Du kannst den Graphen entweder in einer neuen Webseite, der gleichen Webseite oder einem sich öffnenden Dialog-Fenster darstellen. Nun weiß ich nicht, welche Lösung Du für Dein Programm vorgesehen hast.
Wenn Du aber, wie angesprochen, den Graphen auf der gleichen Webseite anzeigen willst, brauchst Du dafür eine Anzeigefläche, also ein weiteres Applet. Wenn man mehrere Applets auf einer Webseite eingebunden hat, können sie natürlich miteinander kommunizieren. Das Applet, welches den Button enthält weist das zweite Applet an, den Graphen zu zeichnen.
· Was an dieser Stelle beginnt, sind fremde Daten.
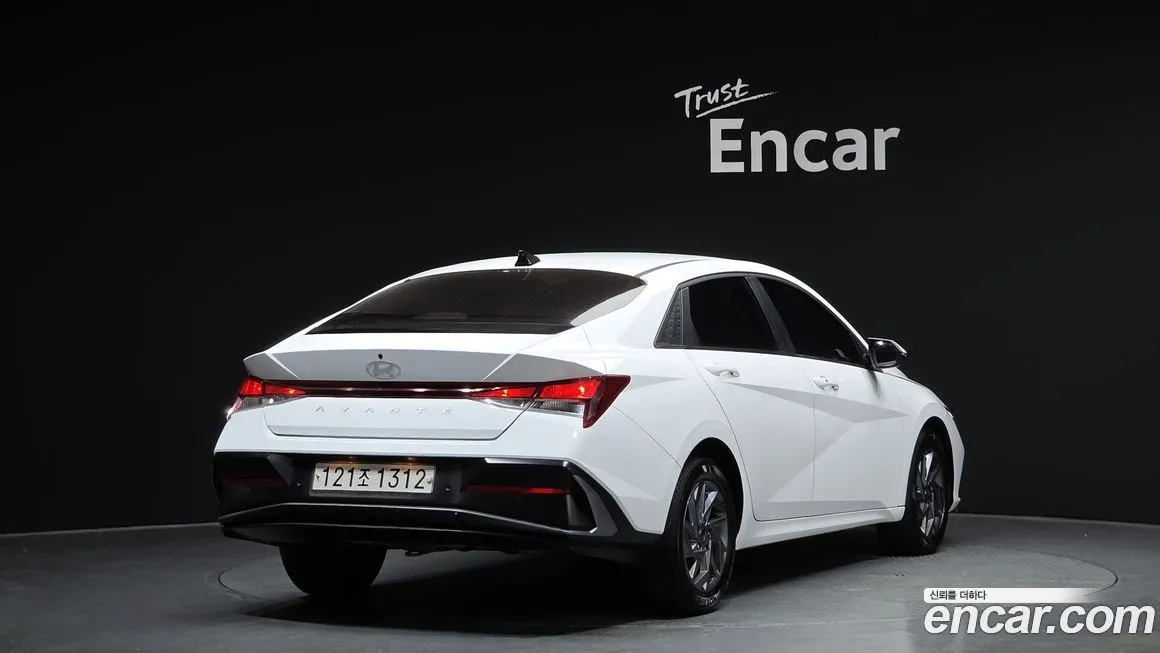 Hyundai AVANTE 2024 из KR, фото 2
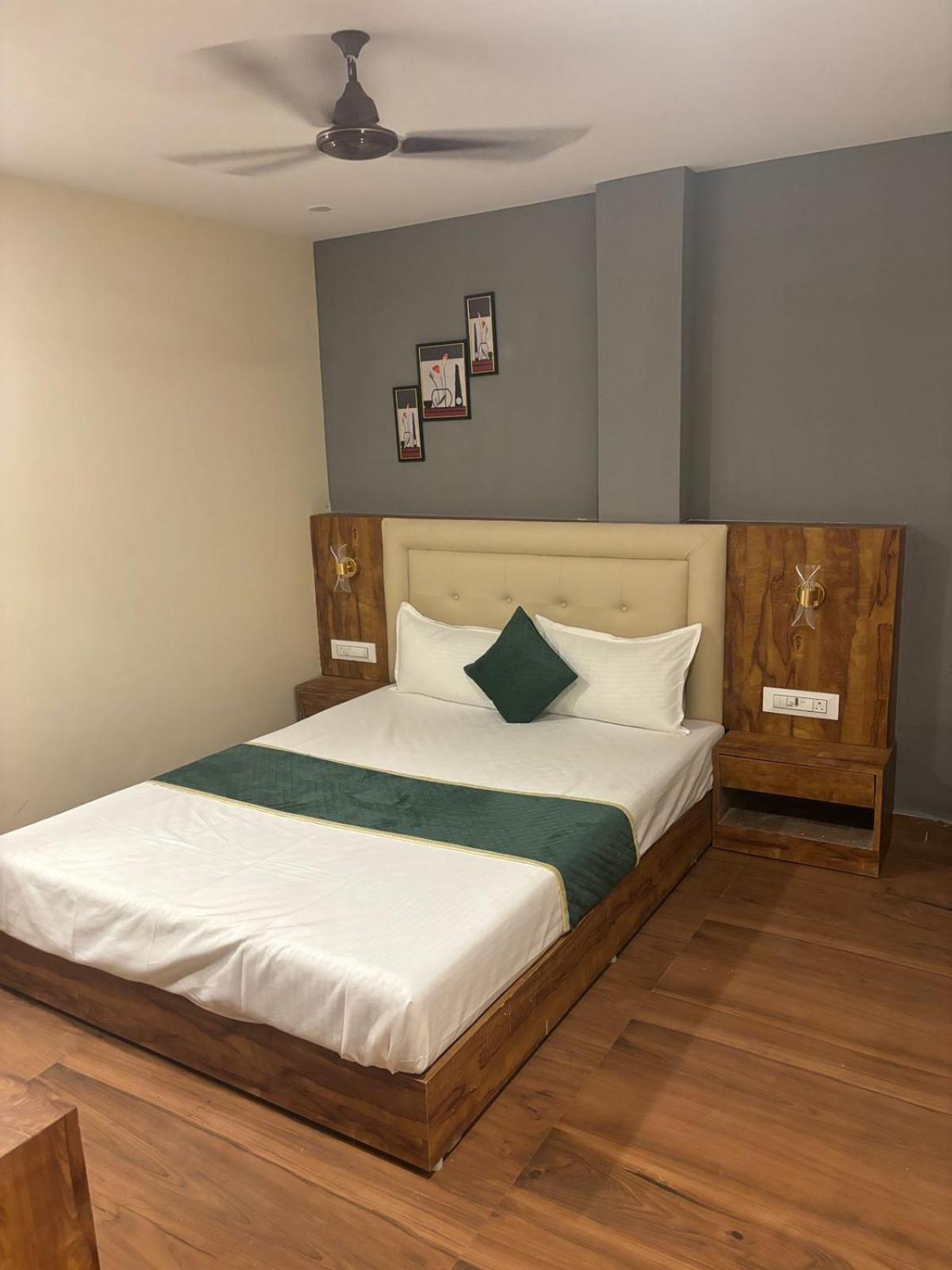 Hotel Z-A-R-A Park Goregaon West มุมไบ ภายนอก รูปภาพ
So ungefähr kann man sich das vorstellen.
Ein bisschen von Deinen Vorstellungen musst Du schon noch Preis geben, damit ich weiß, was Du machen möchtest bzw. wie es aussehen soll. :wink:


----------



## Pudelchen (16. Nov 2004)

Am besten waer es wenn sich ein dialogfenster oeffnen wuerde, dass man auch selbststaendig wieder schliessen kann. (aber ich bin erstmal froh wenn es ueberhaupt aufgeht.)


----------



## L-ectron-X (16. Nov 2004)

Du kannst eine eigene Klasse schreiben, die von Frame oder Dialog erbt und dort den Graphen einsetzen.
Bei Klick auf den Button im Applet wird dies Fenster dann aufgerufen und angezeigt.
Ich habe hier mal eine Variante geschrieben, die Du innerhalb Deiner actionPerformed()-Methode für deinen Button einsetzen kannst. Der Frame wird hier lokal erzeugt und ist daher in der Applet-Klasse nicht wo anders verwendbar.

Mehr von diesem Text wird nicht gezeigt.